Following is an example configuration for our nginx logs.

input {
    file {
        path => "/data/logs/nginx/access.log"
        start_position => "beginning"
    }
#    stdin{}
}
filter {
    grok {
        match => { "message" => "%{HOSTNAME:requestHost} - %{IPV4:requestIp} - %{NOTSPACE:requestRemoteUser} \[%{HTTPDATE:requestHttpDate}\] %{QS:requestUrl} %{NUMBER:requestHttpStatus:int} %{NUMBER:requestBodySentBytes:int} %{QS:requestHttpReferer} %{QS:requestHttpUserAgent} %{QS:requestHttpXForwaredFor} \"%{NUMBER:requestTime:float}\""}
    }
    date {
        match => ["requestHttpDate", "dd/MMM/yyyy:HH:mm:ss Z"]
    }
    ### extract key/value pairs from url.
    kv {
        source => "requestUrl"
        field_split => "&? "
        trimkey => "_"
        trim => " "
    }
    mutate {
        convert => {
            "launch" => "integer"
            "screenDpi" => "float"
            "screenWidth" => "integer"
            "screenHeight" => "integer"
            "longitude" => "float"
            "latitude" => "float"
        }
    }
    urldecode {
        all_fields => true
    }
    output {
        elasticsearch {
            protocol => "transport"
            cluster => "mc-es-ai"
            index => "logstash-busybox-%{+MM.dd}"
            host => ["xxx"]
        }
#        stdout {
#            codec => "json"
#        }
    }
}

Performance Enhancement

We could enhance the performance by changing some of the properties in template.

index.store.type: mmapfs
indices.memory.index_buffer_size: 30%
index.translog.flush_threshold_ops: 50000
refresh_interval: 1m

Changing some of the properties in cluster settings could boost the performance too.

PUT /_cluster/settings
{
    "persistent" : {
        "indices.store.throttle.max_bytes_per_sec" : "100mb"
    }
}
If you are doing a bulk import and don’t care about search at all, you can disable merge throttling entirely.
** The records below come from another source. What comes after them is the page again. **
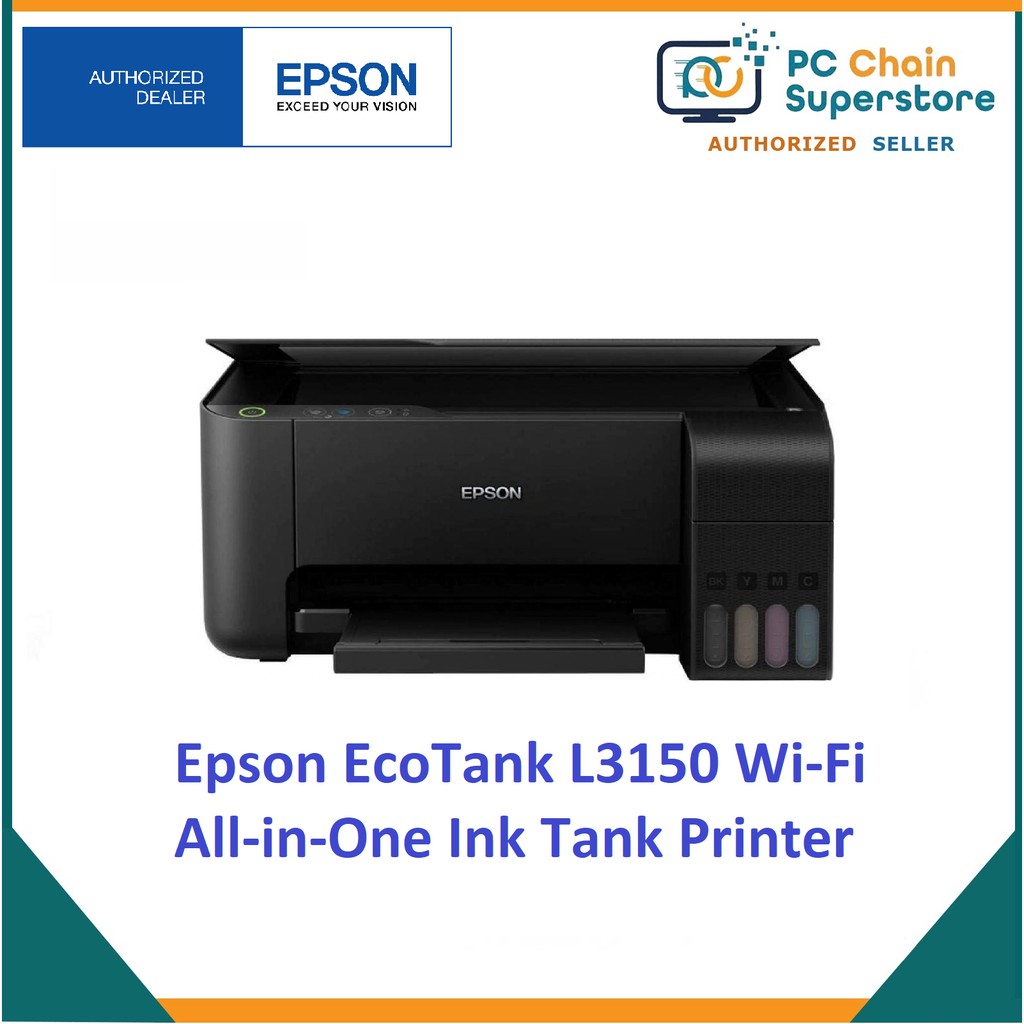 Epson Ecotank L3150 Wi Fi All In One Ink Tank Printer Shopee Philippines 6622
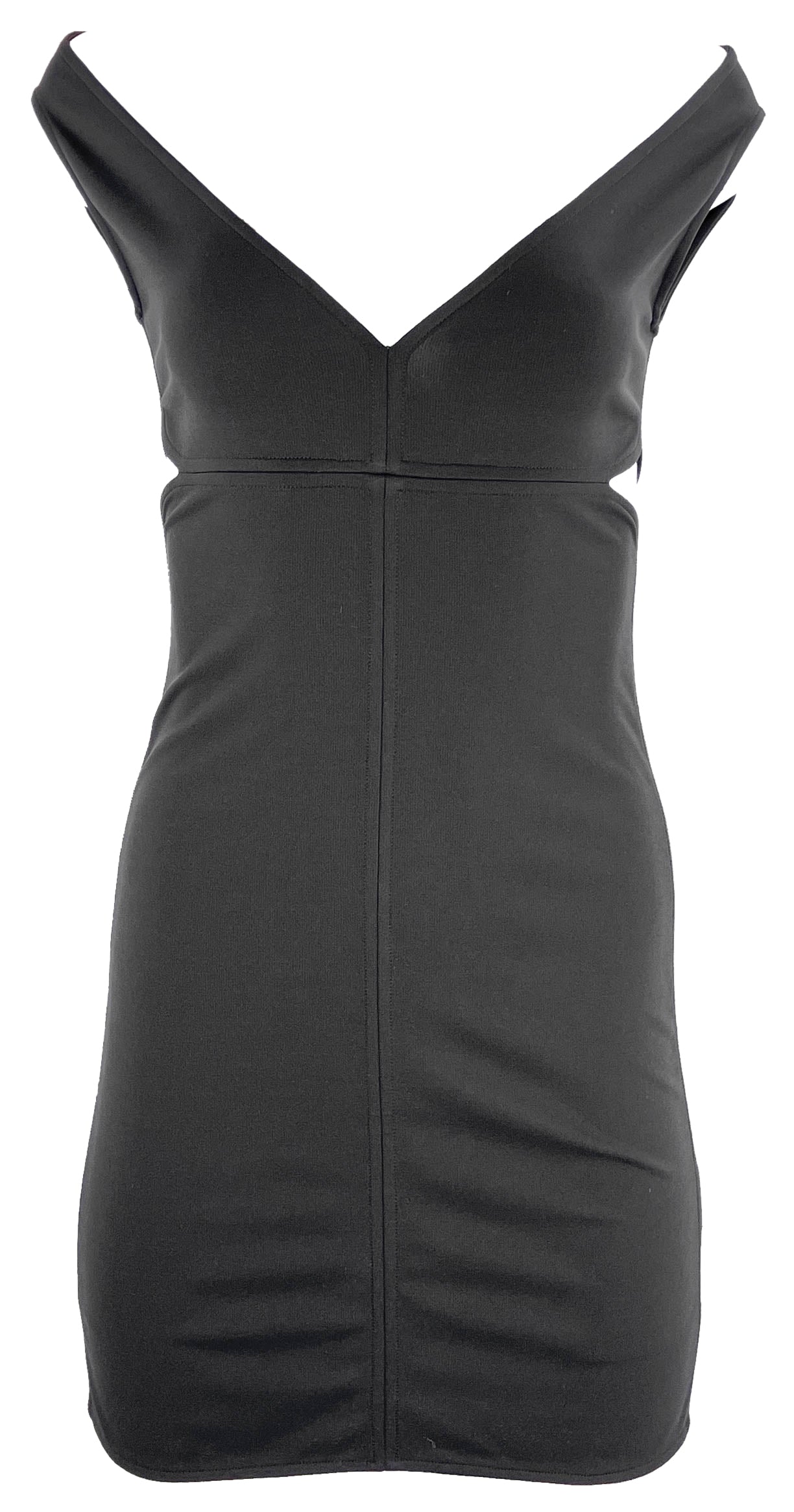 Courrēges Cut-Out Mini Dress in Black - Discounts on Courrēges at UAL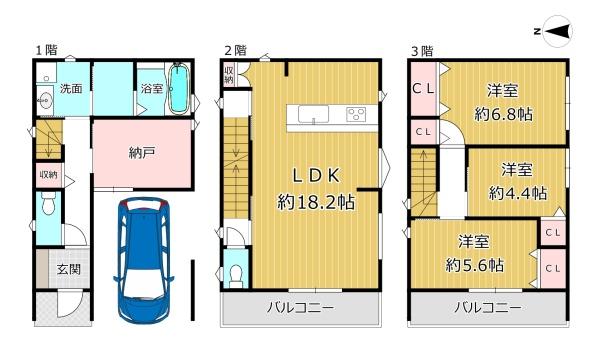 大阪市平野区平野南３丁目の新築一戸建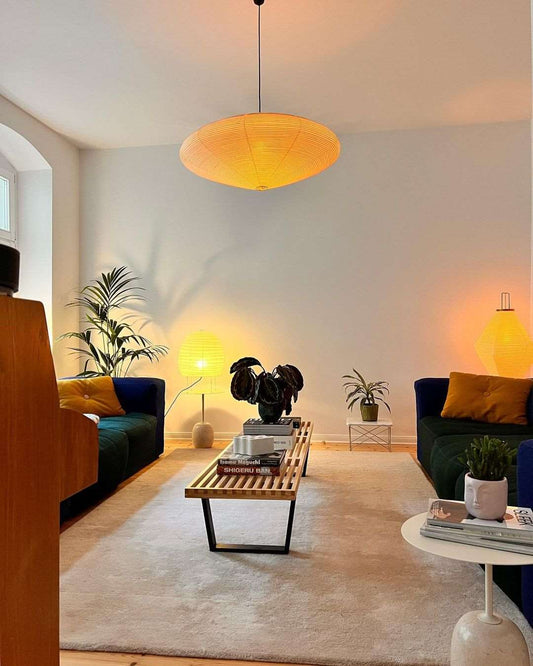 قلادة عاكس الضوء من الورق الأبيض مصنوعة يدويًا من Rylight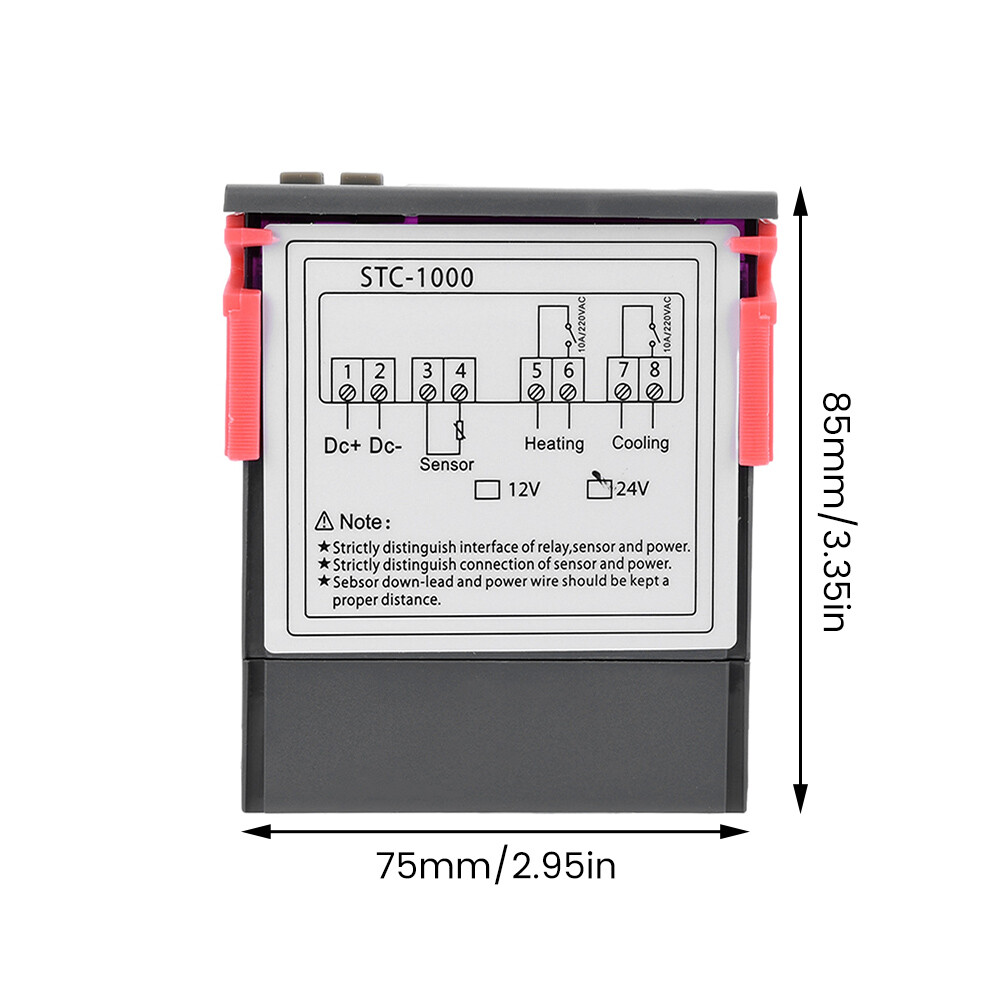 STC-1000 Digital Microcomputer Temperature Controller Thermostat with NTC Sensor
This will allow indexing to run as fast as your disks will allow:

PUT /_cluster/settings
{
    "transient" : {
        "indices.store.throttle.type" : "none"
    }
}
Setting the throttle type to none disables merge throttling entirely. When you are done importing, set it back to merge to reenable throttling.

PUT /_cluster/settings
{
    "persistent" : {
        "threadpool.index.type" : "fixed"
        "threadpool.index.queue_size": 1000
    }
}
Setting the index threadpool queue size larger. The default queue size is 200.